▸ Records shown:
>>>>>

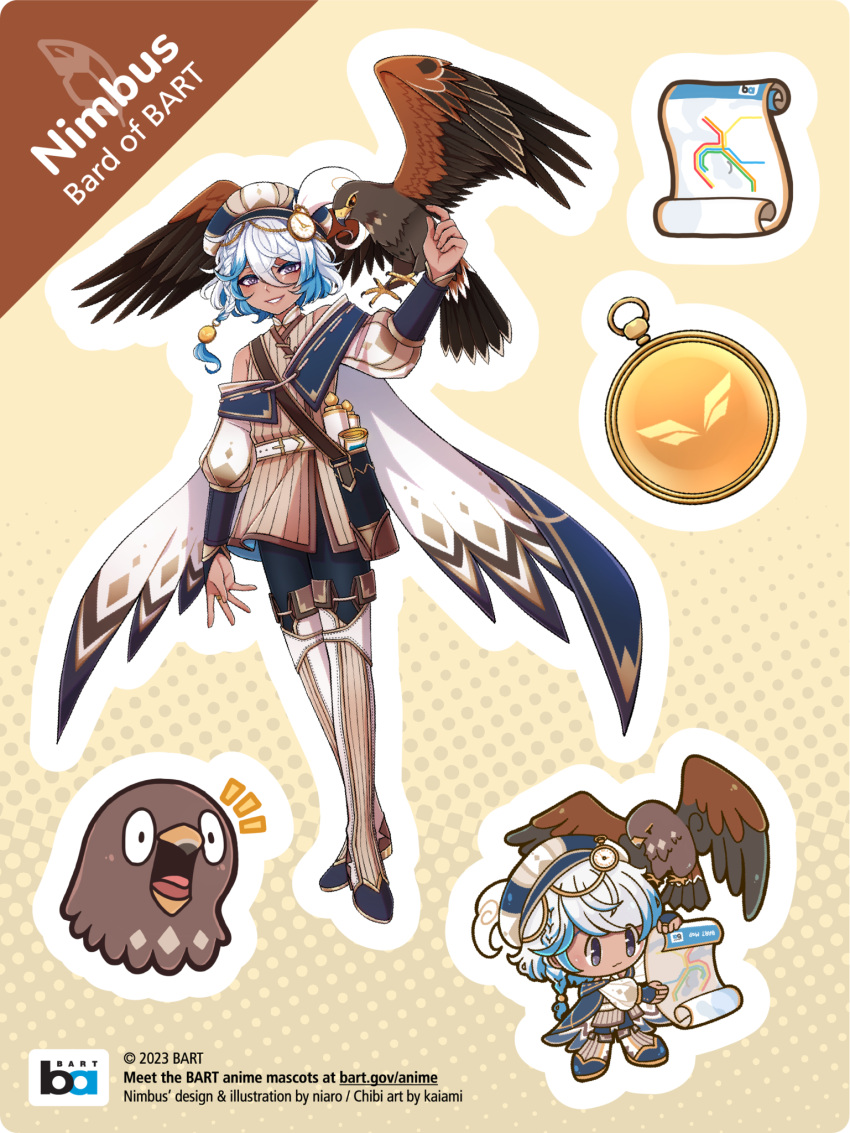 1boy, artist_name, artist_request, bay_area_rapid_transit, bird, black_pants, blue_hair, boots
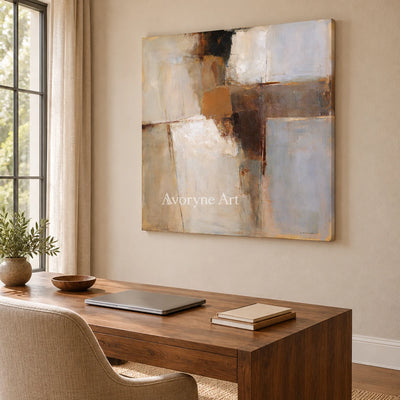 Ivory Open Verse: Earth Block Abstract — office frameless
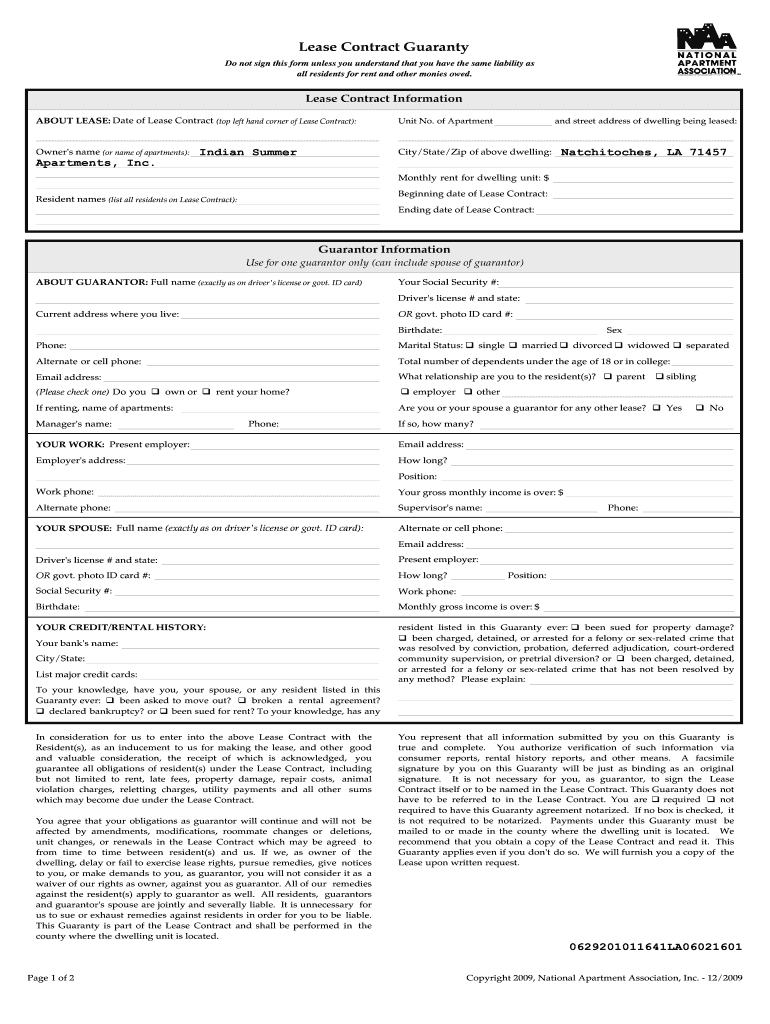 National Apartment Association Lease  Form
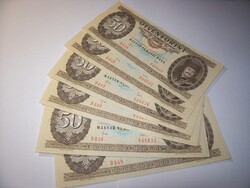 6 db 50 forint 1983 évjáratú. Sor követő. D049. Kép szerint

<<<<<
>>>>>

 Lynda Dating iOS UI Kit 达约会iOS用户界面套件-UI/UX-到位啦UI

<<<<<
>>>>>

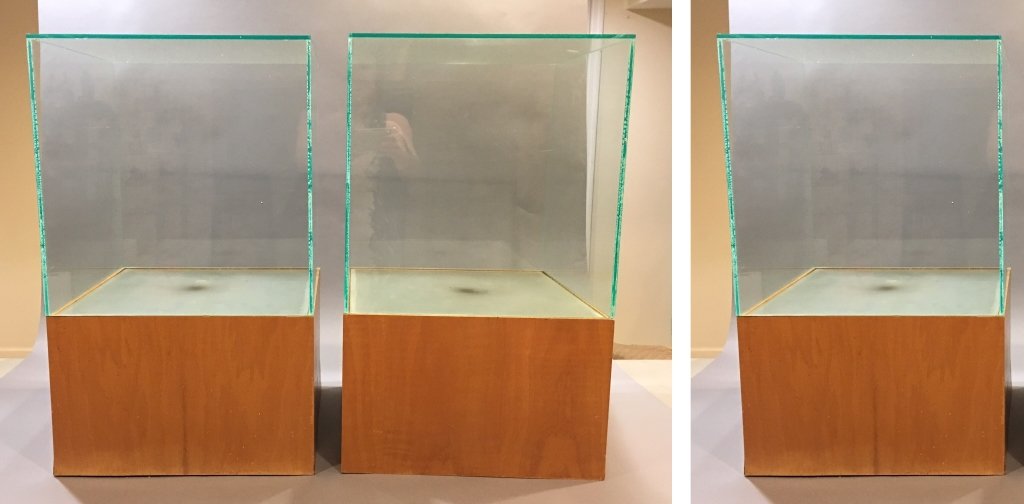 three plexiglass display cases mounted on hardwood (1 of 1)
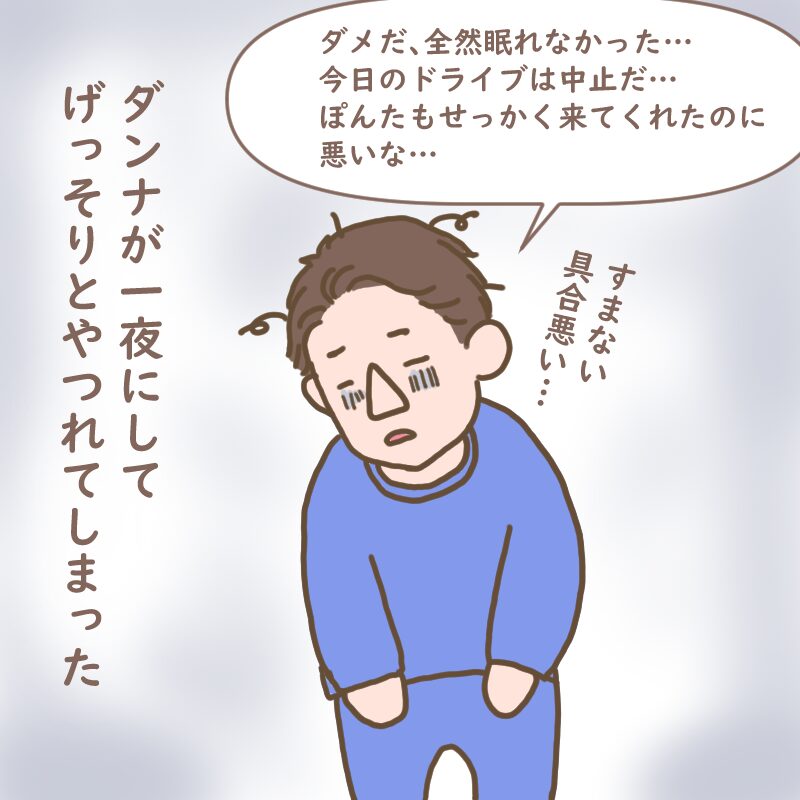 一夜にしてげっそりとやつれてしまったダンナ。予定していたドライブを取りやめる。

<<<<<

Could the stretch from the line with "Ivory Open Verse: Earth" through the line with "6 db 50 forint" in the listing above be restated word for word, minus the pictures?

 Ivory Open Verse: Earth Block Abstract — office frameless
 National Apartment Association Lease  Form
 6 db 50 forint 1983 évjáratú. Sor követő. D049. Kép szerint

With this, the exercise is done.